À la fin du xe siècle le français se forma ; on écrivit en français au commencement du onzième ; mais ce français tenait encore plus du romain rustique que du français d’aujourd’hui. Le roman de Philomena, écrit au xe siècle en romain rustique, n’est pas dans une langue fort différente des lois normandes. On voit encore les origines celtes, latines et allemandes. Les mots qui signifient les parties du corps humain, ou des choses d’un usage journalier, et qui n’ont rien de commun avec le latin ou l’allemand, sont de l’ancien gaulois ou celte[1], comme tête, jambe, sabre, aller, pointe, parler, écouter, regarder, aboyer, crier, coutume, ensemble, et plusieurs autres de cette espèce. La plupart des termes de guerre étaient francs ou allemands : marche, halte, maréchal, bivouac, reître, lansquenet. Presque tout le reste est latin ; et les mots latins furent tous abrégés, selon l’usage et le génie des nations du Nord : ainsi de palatium, palais ; de lupus, loup ; d’Auguste, août ; de Junius, juin ; d’unctus, oint ; de purpura, pourpre ; de pretium, prix, etc.... À peine restait-il quelques vestiges de la langue grecque, qu’on avait si longtemps parlée à Marseille.
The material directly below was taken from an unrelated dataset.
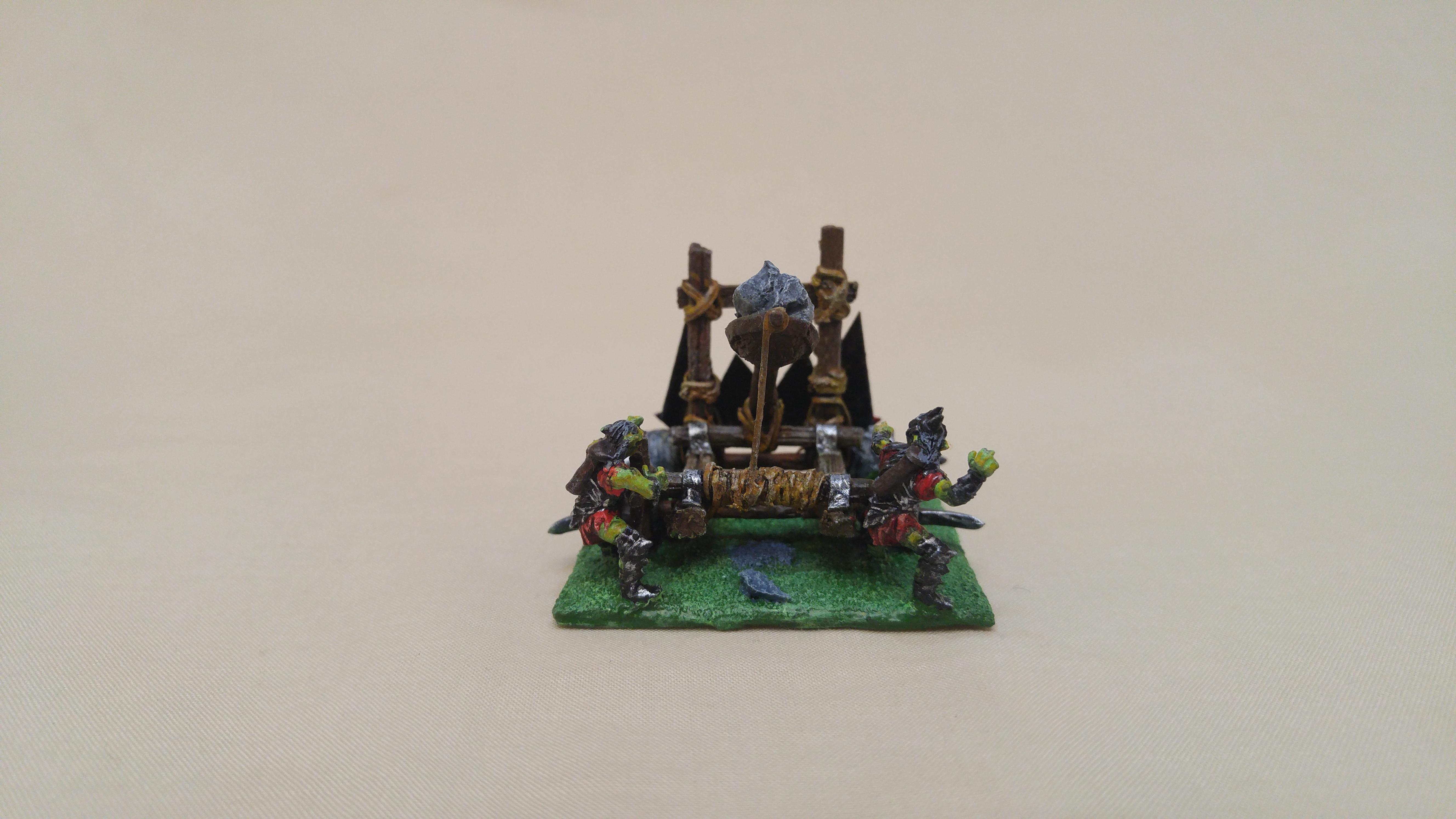 Big Rock Thrower, Catapult, Cheap, Em4, Goblins, Kings Of War, Kow, Lord Of The Rings, Moria Goblin, Orcs, Orks, Scratch Build, Sprue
On commença au xiie siècle à introduire dans la langue quelques termes de la philosophie d’Aristote ; et vers le xvie siècle, on exprima par des termes grecs toutes les parties du corps humain, leurs maladies, leurs remèdes : de là les mots de cardiaque, céphalique, podagre, apoplectique, asthmatique, iliaque, empyème, et tant d’autres. Quoique la langue s’enrichît alors du grec, et que depuis Charles VIII elle tirât beaucoup de secours de l’italien déjà perfectionné, cependant elle n’avait pas pris encore une consistance régulière. François Ier abolit l’ancien usage de plaider, de juger, de contracter en latin : usage qui attestait la barbarie d’une langue dont on n’osait se servir dans les actes publics ; usage pernicieux aux citoyens, dont le sort était réglé dans une langue qu’ils n’entendaient pas. On fut alors obligé de cultiver le français ; mais la langue n’était ni noble ni régulière. La syntaxe était abandonnée au caprice. Le génie de la conversation était tourné à la plaisanterie, la langue devint très-féconde en expressions burlesques et naïves, et très-stérile en termes nobles et harmonieux : de là vient que dans les dictionnaires de rimes on trouve vingt termes convenables à la poé-

  1. On trouve une critique de ce morceau dans l’Année littéraire, 1761, vi, 310-311. (B.). — Voyez Voltaire et ses Maîtres, page 288 et suiv.